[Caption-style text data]
- - -

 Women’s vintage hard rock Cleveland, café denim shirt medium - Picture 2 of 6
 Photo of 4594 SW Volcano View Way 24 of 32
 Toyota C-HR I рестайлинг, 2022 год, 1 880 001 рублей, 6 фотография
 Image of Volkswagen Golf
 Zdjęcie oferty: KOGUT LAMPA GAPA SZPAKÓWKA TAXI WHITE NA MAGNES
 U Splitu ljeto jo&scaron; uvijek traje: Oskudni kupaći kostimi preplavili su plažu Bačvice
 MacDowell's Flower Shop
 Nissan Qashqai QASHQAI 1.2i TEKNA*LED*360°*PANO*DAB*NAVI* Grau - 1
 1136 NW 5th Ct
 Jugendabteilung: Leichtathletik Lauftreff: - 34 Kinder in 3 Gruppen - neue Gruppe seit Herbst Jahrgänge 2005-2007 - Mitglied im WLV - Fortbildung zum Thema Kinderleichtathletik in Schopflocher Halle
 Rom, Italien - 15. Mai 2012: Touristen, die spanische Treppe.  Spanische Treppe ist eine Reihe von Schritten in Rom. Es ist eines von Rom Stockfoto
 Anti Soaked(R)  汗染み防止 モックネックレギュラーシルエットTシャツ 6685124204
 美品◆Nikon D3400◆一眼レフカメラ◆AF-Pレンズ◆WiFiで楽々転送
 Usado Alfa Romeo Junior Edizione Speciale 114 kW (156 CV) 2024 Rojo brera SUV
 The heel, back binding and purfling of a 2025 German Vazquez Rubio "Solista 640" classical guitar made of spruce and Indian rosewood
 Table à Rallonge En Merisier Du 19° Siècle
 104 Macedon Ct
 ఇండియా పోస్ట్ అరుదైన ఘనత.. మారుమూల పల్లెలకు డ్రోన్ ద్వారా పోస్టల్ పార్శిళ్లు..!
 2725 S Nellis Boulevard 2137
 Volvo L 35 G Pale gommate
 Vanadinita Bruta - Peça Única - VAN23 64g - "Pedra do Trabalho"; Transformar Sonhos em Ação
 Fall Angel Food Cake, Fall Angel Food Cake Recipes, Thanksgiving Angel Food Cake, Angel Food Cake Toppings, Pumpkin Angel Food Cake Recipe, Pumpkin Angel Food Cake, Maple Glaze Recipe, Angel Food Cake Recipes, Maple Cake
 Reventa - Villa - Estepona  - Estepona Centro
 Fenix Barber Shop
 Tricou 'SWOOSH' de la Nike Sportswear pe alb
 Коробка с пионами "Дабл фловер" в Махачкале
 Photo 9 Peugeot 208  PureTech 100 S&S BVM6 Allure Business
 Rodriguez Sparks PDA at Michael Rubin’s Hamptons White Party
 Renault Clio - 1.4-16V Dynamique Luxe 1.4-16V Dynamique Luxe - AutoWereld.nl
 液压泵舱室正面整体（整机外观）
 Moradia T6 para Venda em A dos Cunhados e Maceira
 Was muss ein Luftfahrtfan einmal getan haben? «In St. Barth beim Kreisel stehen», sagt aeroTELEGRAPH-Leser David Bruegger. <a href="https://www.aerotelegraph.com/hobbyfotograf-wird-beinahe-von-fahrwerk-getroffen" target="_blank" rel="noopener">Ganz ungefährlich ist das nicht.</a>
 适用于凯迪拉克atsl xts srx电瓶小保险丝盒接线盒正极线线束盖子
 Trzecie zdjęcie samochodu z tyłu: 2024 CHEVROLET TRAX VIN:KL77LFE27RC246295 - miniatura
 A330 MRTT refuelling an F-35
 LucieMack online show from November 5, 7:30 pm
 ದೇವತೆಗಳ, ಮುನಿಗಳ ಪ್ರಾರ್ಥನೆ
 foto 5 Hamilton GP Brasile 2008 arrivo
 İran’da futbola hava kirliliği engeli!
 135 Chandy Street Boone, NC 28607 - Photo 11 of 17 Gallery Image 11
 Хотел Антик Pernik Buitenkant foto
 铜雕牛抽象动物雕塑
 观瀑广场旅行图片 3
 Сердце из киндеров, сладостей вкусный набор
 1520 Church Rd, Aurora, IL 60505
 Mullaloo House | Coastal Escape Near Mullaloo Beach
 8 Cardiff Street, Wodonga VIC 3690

- - -

Your reply should repeat the entries above in full, with every character intact.

## TASK SOLUTION
 Women’s vintage hard rock Cleveland, café denim shirt medium - Picture 2 of 6
 Photo of 4594 SW Volcano View Way 24 of 32
 Toyota C-HR I рестайлинг, 2022 год, 1 880 001 рублей, 6 фотография
 Image of Volkswagen Golf
 Zdjęcie oferty: KOGUT LAMPA GAPA SZPAKÓWKA TAXI WHITE NA MAGNES
 U Splitu ljeto jo&scaron; uvijek traje: Oskudni kupaći kostimi preplavili su plažu Bačvice
 MacDowell's Flower Shop
 Nissan Qashqai QASHQAI 1.2i TEKNA*LED*360°*PANO*DAB*NAVI* Grau - 1
 1136 NW 5th Ct
 Jugendabteilung: Leichtathletik Lauftreff: - 34 Kinder in 3 Gruppen - neue Gruppe seit Herbst Jahrgänge 2005-2007 - Mitglied im WLV - Fortbildung zum Thema Kinderleichtathletik in Schopflocher Halle
 Rom, Italien - 15. Mai 2012: Touristen, die spanische Treppe.  Spanische Treppe ist eine Reihe von Schritten in Rom. Es ist eines von Rom Stockfoto
 Anti Soaked(R)  汗染み防止 モックネックレギュラーシルエットTシャツ 6685124204
 美品◆Nikon D3400◆一眼レフカメラ◆AF-Pレンズ◆WiFiで楽々転送
 Usado Alfa Romeo Junior Edizione Speciale 114 kW (156 CV) 2024 Rojo brera SUV
 The heel, back binding and purfling of a 2025 German Vazquez Rubio "Solista 640" classical guitar made of spruce and Indian rosewood
 Table à Rallonge En Merisier Du 19° Siècle
 104 Macedon Ct
 ఇండియా పోస్ట్ అరుదైన ఘనత.. మారుమూల పల్లెలకు డ్రోన్ ద్వారా పోస్టల్ పార్శిళ్లు..!
 2725 S Nellis Boulevard 2137
 Volvo L 35 G Pale gommate
 Vanadinita Bruta - Peça Única - VAN23 64g - "Pedra do Trabalho"; Transformar Sonhos em Ação
 Fall Angel Food Cake, Fall Angel Food Cake Recipes, Thanksgiving Angel Food Cake, Angel Food Cake Toppings, Pumpkin Angel Food Cake Recipe, Pumpkin Angel Food Cake, Maple Glaze Recipe, Angel Food Cake Recipes, Maple Cake
 Reventa - Villa - Estepona  - Estepona Centro
 Fenix Barber Shop
 Tricou 'SWOOSH' de la Nike Sportswear pe alb
 Коробка с пионами "Дабл фловер" в Махачкале
 Photo 9 Peugeot 208  PureTech 100 S&S BVM6 Allure Business
 Rodriguez Sparks PDA at Michael Rubin’s Hamptons White Party
 Renault Clio - 1.4-16V Dynamique Luxe 1.4-16V Dynamique Luxe - AutoWereld.nl
 液压泵舱室正面整体（整机外观）
 Moradia T6 para Venda em A dos Cunhados e Maceira
 Was muss ein Luftfahrtfan einmal getan haben? «In St. Barth beim Kreisel stehen», sagt aeroTELEGRAPH-Leser David Bruegger. <a href="https://www.aerotelegraph.com/hobbyfotograf-wird-beinahe-von-fahrwerk-getroffen" target="_blank" rel="noopener">Ganz ungefährlich ist das nicht.</a>
 适用于凯迪拉克atsl xts srx电瓶小保险丝盒接线盒正极线线束盖子
 Trzecie zdjęcie samochodu z tyłu: 2024 CHEVROLET TRAX VIN:KL77LFE27RC246295 - miniatura
 A330 MRTT refuelling an F-35
 LucieMack online show from November 5, 7:30 pm
 ದೇವತೆಗಳ, ಮುನಿಗಳ ಪ್ರಾರ್ಥನೆ
 foto 5 Hamilton GP Brasile 2008 arrivo
 İran’da futbola hava kirliliği engeli!
 135 Chandy Street Boone, NC 28607 - Photo 11 of 17 Gallery Image 11
 Хотел Антик Pernik Buitenkant foto
 铜雕牛抽象动物雕塑
 观瀑广场旅行图片 3
 Сердце из киндеров, сладостей вкусный набор
 1520 Church Rd, Aurora, IL 60505
 Mullaloo House | Coastal Escape Near Mullaloo Beach
 8 Cardiff Street, Wodonga VIC 3690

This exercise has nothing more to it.